Human Dignity … The Fundamental Principle

October 11, 2020

Living Words from John Paul II

Edited by Abraham A. van Kempen

 

Published Sunday, October 11, 2020

Human Dignity … The Fundamental Principle

Each week we let Saint Pope John Paul II share meaningful signposts to spark socio-economic resolves through justice and righteousness combined with mercy and compassion; in short, love.

 

2 Corinthians 1:6-7 (The Message Translation)

 

               6-7 When we suffer for Jesus, it works out for your healing and salvation. If we are treated well, given a helping hand and encouraging word, that also works to your benefit, spurring you on, face forward, unflinching.

 

               Your hard times are also our hard times. When we see that you're just as willing to endure the hard times as to enjoy the good times, we know you're going to make it, no doubt about it.

 

We must not allow the human person to suffer from undue diminishing actions, becoming in some way an object in a materialist vision that sees only his economic value, or which is willing to sacrifice him as a means to manipulate him in various ways.
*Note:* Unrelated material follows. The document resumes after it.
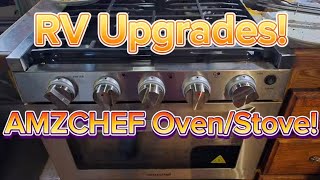 Upgrading Our 1998 Camper Kitchen! AMZCHEF RV Oven/Stove Install (Easy DIY!)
The same thing holds regarding the dignity of every people. 

 

The fundamental principle will always be the human person's dignity and respect for his inalienable fundamental rights. The majority of our contemporaries invokes these. However, in reality, they are trampled upon in a certain number of regions of the earth.

 

Among these rights is respect for human life in all the phases of its development, from conception to old age.

 

These rights also regard the dignity of life, that is, the material possibilities for living decently, including freedom of mind, opinions, convictions, and beliefs, in so far as these beliefs themselves respect others. This implies the banning of torture, internment, and other degrading practices designed to punish crimes of opinion. In particular, dignity demands that no obstacles be placed before conscience, religion, and religious practice, or before the means necessary for forming the faith and participation in worship, in stable communities.

 

Dignity is also the refusal of every compromise with terrorism – which uses the lives and goods of innocent persons as means – and this no matter what the motives invoked by it, it would be necessary to banish terrorism from humanity through a genuine agreement among all countries.

 

Dignity seeks a just solution for the refugees who have had to leave their own countries because of war or political intolerance and live in significant numbers in camps, isolated and often in a state of intolerable neglect.

 

Finally, dignity is respect for diverse human groups' cultures and the elimination of all racial discrimination. 

 

For example, we must promote the values of the family, help families to be stable, united, disposed to welcome new life; watch over the education of the young towards authentic human love, see to it that they do not close themselves off in behavior marked by hedonism and individualism, but rather that they understand the positive meaning of freedom, of responsibilities, as well as the requirements of the common good.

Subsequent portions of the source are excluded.